The memo also records a discussion of the Lance investigation conducted last summer by the comptroller of the currency, who regulates national banks. Comptroller John G. Heimann said; at the time he had found no grounds for an indictment of Lance, an assertion on which both Lance and President Carter relied heavily in Lance's defense before he resigned.

But two SEC investigators are quoted by Fox as saying "the comptroller did not have all of the facts and that the comptroller did not have subpoena power, nor did the comptroller take any testimony.

"They said that the SEC had investigated 40 banks and 80 individuals and that it was outrageous for the comptroller to say that Mr. Lance had committed no prosecutable offense."

Three Justice Department senior lawyers are going over all the evidence compiled in the Lance case to see if there is sufficient cause to empanel a grand jury to consider prosecution.

The memo on the Nov. 8 meeting is the clearest evidence to date on the status of the continuing government investigations of Lance.

Neither Sporkin nor any other SEC official would comment on the memo.
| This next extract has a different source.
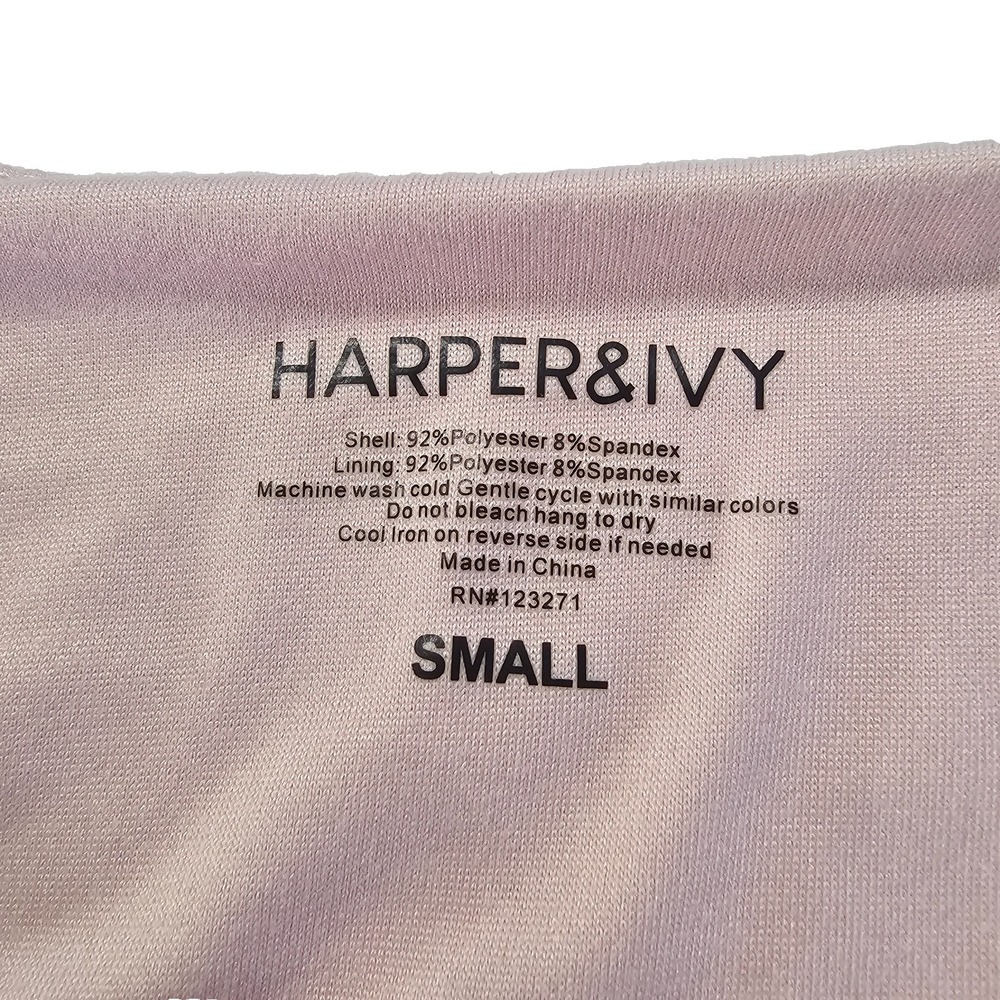 Harper & Ivy Womens Pink Long Sleeve Sweetheart Neck Top Size Small Stretch - Picture 3 of 3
Robert Altman, a lawyer from the firm of Clifford, Warnke, Glass, McIlwain & Finney, who represented Lance at the Nov. 8 meeting, had no comment.

In addition to the remarks they made about Lance, the memo described the SEC investigators as complaining about a "lack of cooperation" on the part of Lance's trustee, Tom Mitchell.

It shows one of the SEC investigators saying that "one of the key hold-ups is the 47 boxes of documents in Atlanta and locating other Lance records including campaign accounts," and adding that "Mr. Mitchell's lack of cooperation is a serious problem."

It Dalton, Ga. Tom Mitchell's attorney, Erwin Mitchell, who is also his client's cousin, called these assertions "ridiculous and untrue."

He said the SEC had subpoenaed Tom Mitchell's records of all business ventures in which he held an interest of 5 per cent or more. But then, Erwin Mitchell said, the SEC called for "all his personal records from Jan. 1, 1972, to the present."

He said Tom Mitchell has refused to comply with demand for his personal records because the information "is not relevant to the investigation nor permitted under the formal order of investigation."

Altman said that Lance "has not held back anything" from the SEC investigators.

The memo recounting the Nov. 8 meeting describes one SEC attorney as asking early in the session "if Mr. Lance is ready to do anything to make the bank whole," and mentioning that Lance "had written the comptroller and said he will hold Calhoun harmless with respect to its violations."

It is not completely clear what was meanty by making the bank "whole," though some of the charges against Lance had to do with large and persistent "overdrafts" tht he, ran up in the banks he controlled. There were also overdrafts in the name of his wife, and other members of her family the campaign he set up in his unsuccessful try in 1974 for the Democratic nomination for governor in Georgia.

The memo then goes on:

"Mr. Sporkin said that Mr. Lance's position was critical to any settlement falling into place.

"Mr. Altman said that it is a matter between the bank and Mr. Lance, but that maybe an independent committee could investigate the bank and maybe Mr. Lance would agree to be bound by such a report."

It was then that, according to the memo, "Mr. Altman said that although Mr. Lance is prepared to consent to some sort of enforcement action, he is not willing to be restricted in his future banking activities."

Lance remains a principal stockholder in both the Calhoun bank and the National Bank of Georgia, the other bank he ran before joining the Carter administration.

The "overdrafts" Lance and his family ran up at the banks he headed essentially were loans, some of which are still outstanding.

In addition, he ran up heavy debts when he borrowed to buy stock in the National Bank of Georgia, and to make other investments.

This indebtedness of several million dollars was what originally called attention to his case last spring and summer, and it still is a problem for him. Available documents indicate that his total debt service costs in the four months ending next Jan. 31 will be about $600,000.

Lance currently had no job, and says he will announce his plans around the first of the year.